MEMORANDUM AND ORDER

Rumsey, J.

110 N.Y.S.3d 76
175 A.D.3d 1604

Appeal from a judgment of the County Court of Madison County (McDermott, J.), rendered June 4, 2015, upon a verdict convicting defendant of the crimes of predatory sexual assault against a child, criminal sexual act in the first degree, sexual abuse in the first degree and endangering the welfare of a child (two counts).

In January 2014, defendant was charged with predatory sexual assault against a child, criminal sexual act in the first

175 A.D.3d 1605

degree, sexual abuse in the first degree, promoting a sexual performance by a child, possessing a sexual performance by a child and two counts of endangering the welfare of a child based on two incidents that allegedly occurred in May 2013. During the first incident, defendant is alleged to have asked the victim – a cousin who was then 12 years old – to take pictures of her vagina with his cell phone. During the second incident, defendant is alleged to have put his mouth on the victim's vagina, touched her breast and had sexual intercourse with her. Defendant made a pretrial motion to suppress the oral and written statements he had made to law enforcement officers. County Court conducted a Huntley hearing, but did not issue a decision on the motion or "set forth on the record its findings of fact, its conclusions of law and the reasons for its determination" ( CPL 710.60[6] ).

On the first day of trial, defendant directed County Court's attention to the absence of a ruling on the suppression motion, to which the court erroneously replied by stating that it had ruled the statement admissible at the Huntley hearing. The People withdrew the charges of promoting a sexual performance by a child and possessing a sexual performance by a child. After a jury trial, defendant was convicted of the remaining charges.
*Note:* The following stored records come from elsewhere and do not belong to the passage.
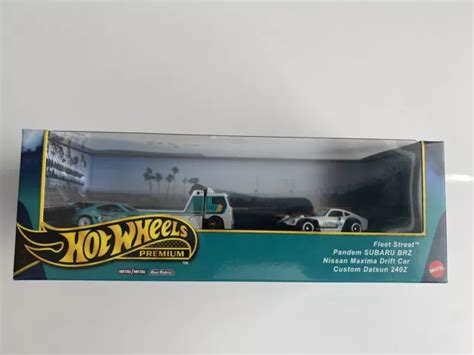 2024 HOT WHEELS Premium Greddy Diorama Set Pandem Subaru Nissan Datsun LIRE EUR 26 84
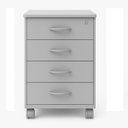 Ver imagem 3 de Gaveteiro Móvel de Escritorio com 4 Gavetas Rodinhas e Chave Volante Cinza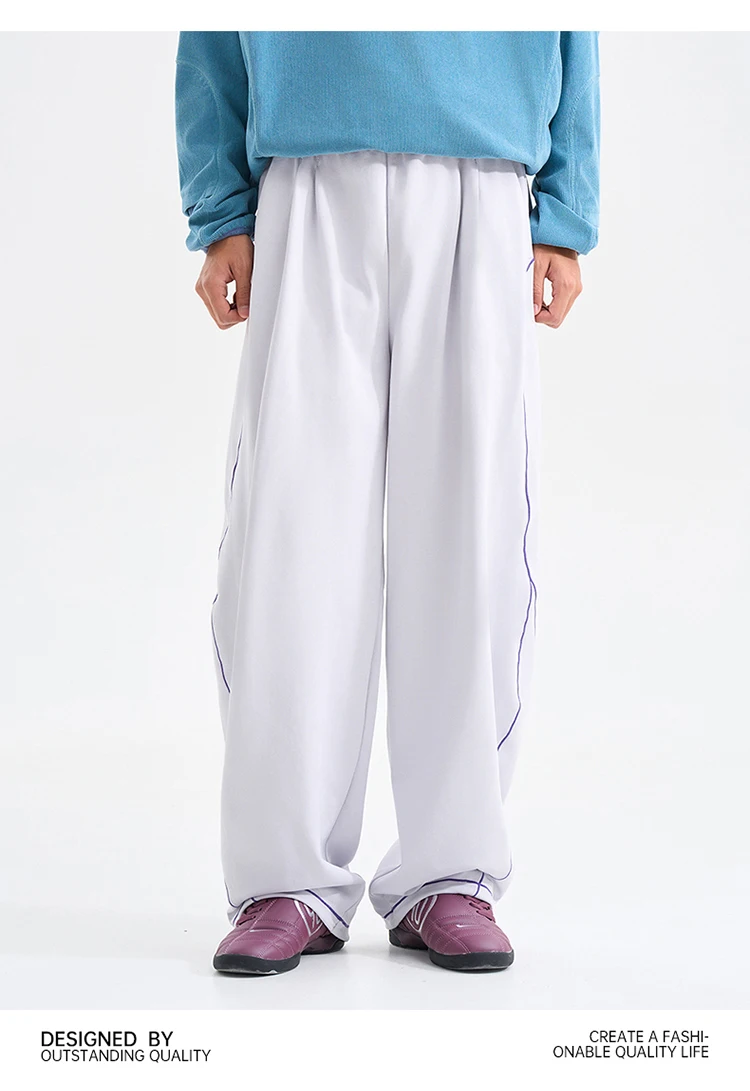 Men Women Mountain Outdoor Quick Dry Wide Leg Sport Pant Sweatpants Joggers Loose Casual Cycling Hiking Baggy Pants Trousers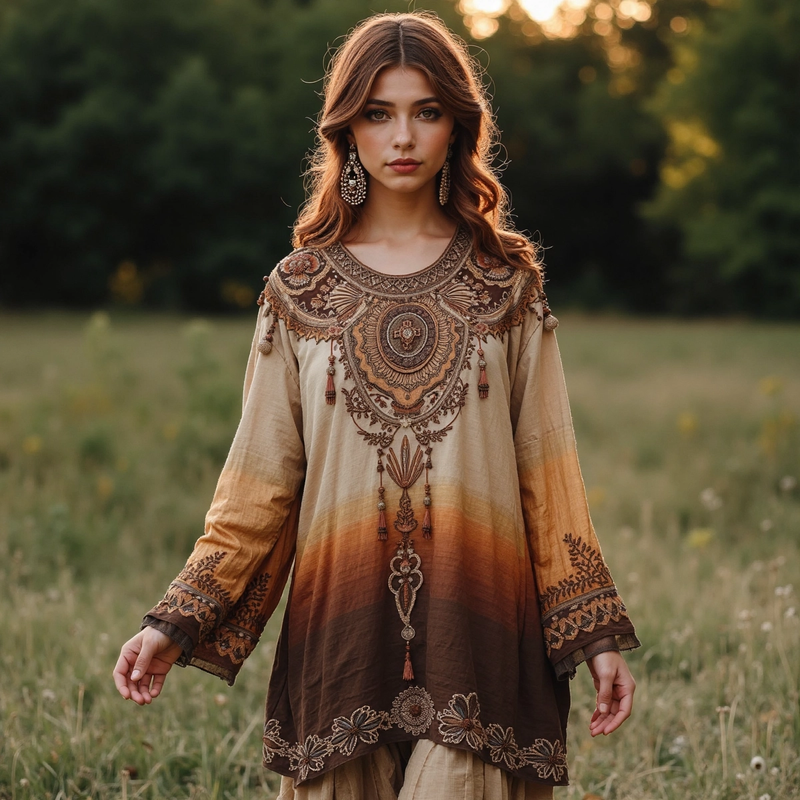 Well Tailored Blouse with a Graceful Silhouette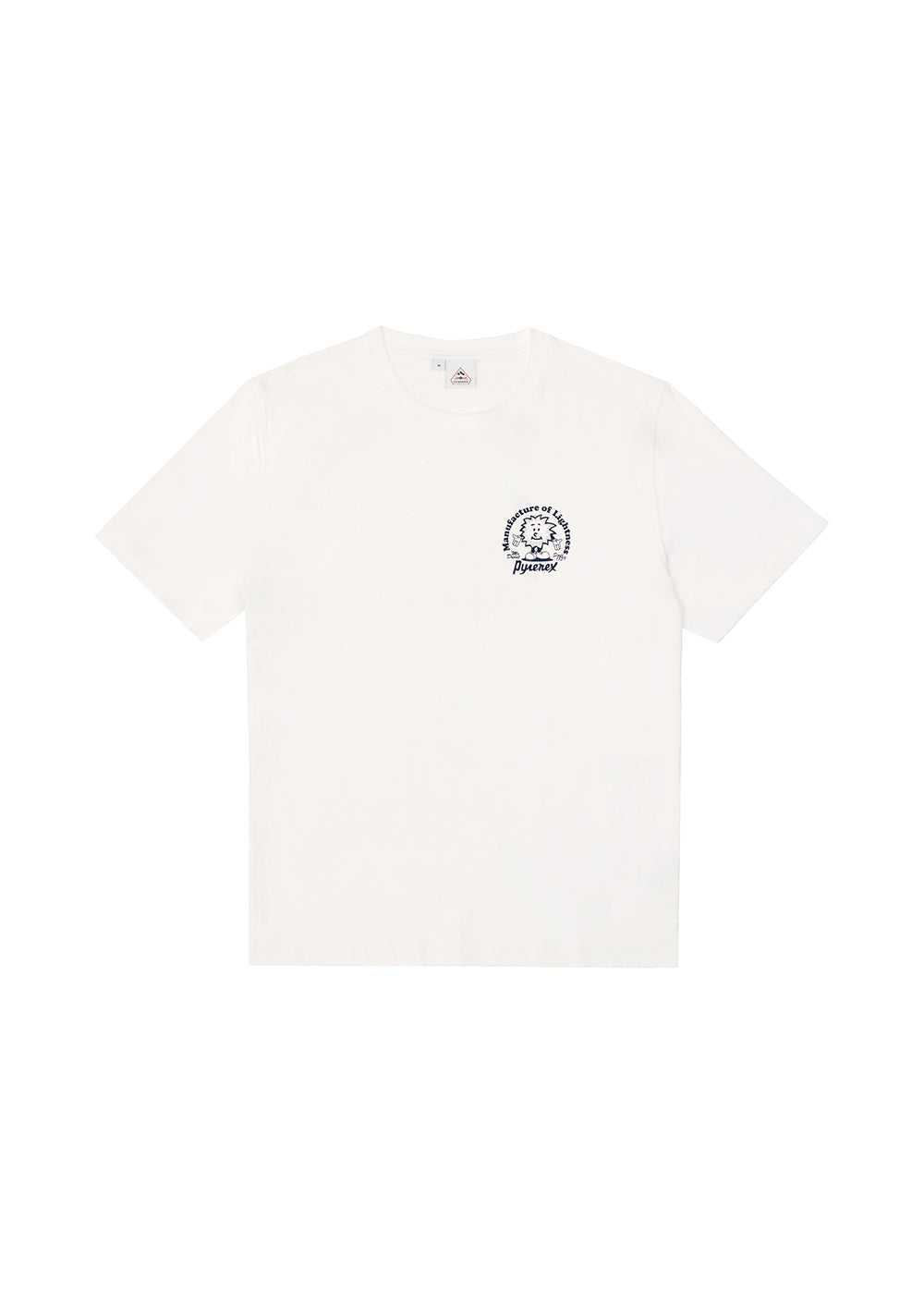Pyrenex T-shirt Unisexe En Coton Biologique Pyrenex Mfg Tee Blanc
He was sentenced, as a second felony offender, to consecutive terms of incarceration on four convictions – 25 years to life for predatory sexual assault against a child, 12 years for criminal sexual act in the first degree, with five years of postrelease supervision, three years for sexual abuse in the first degree, with 15 years of postrelease supervision, and one year for one count of endangering the welfare of a child. He was also sentenced to a concurrent term of one year for the other count of endangering the welfare of a child. Defendant appealed, and this Court withheld decision and, as relevant here, remitted the matter for a ruling on defendant's suppression motion ( 169 A.D.3d 1155, 94 N.Y.S.3d 408 [2019] ). Upon remittal, County Court reviewed the record and issued a written decision setting forth the reasons it had determined that defendant's statements were admissible.

Initially, we find that County Court properly determined that defendant's oral and written statements were voluntarily made and, therefore, were admissible. The People bear the burden of proving, beyond a reasonable doubt, that a defendant's statements are voluntary (see People v. Moore , 162 A.D.3d 1123, 1125, 78 N.Y.S.3d 486 [2018] ). Where Miranda warnings are timely administered, "the voluntariness of a statement is determined by examining the totality of the circumstances under which it

175 A.D.3d 1606

was obtained ... [and] the requisite inference of voluntariness may be relatively easily drawn. Factual determinations of the suppression court are entitled to great weight and will

110 N.Y.S.3d 77

not be overturned unless clearly contrary to the evidence" ( id. at 1126, 78 N.Y.S.3d 486 [internal quotation marks and citations omitted]; see People v. Weaver , 167 A.D.3d 1238, 1240–1242, 90 N.Y.S.3d 359 [2018], lv denied 33 N.Y.3d 955, 100 N.Y.S.3d 187, 123 N.E.3d 846 [2019] ).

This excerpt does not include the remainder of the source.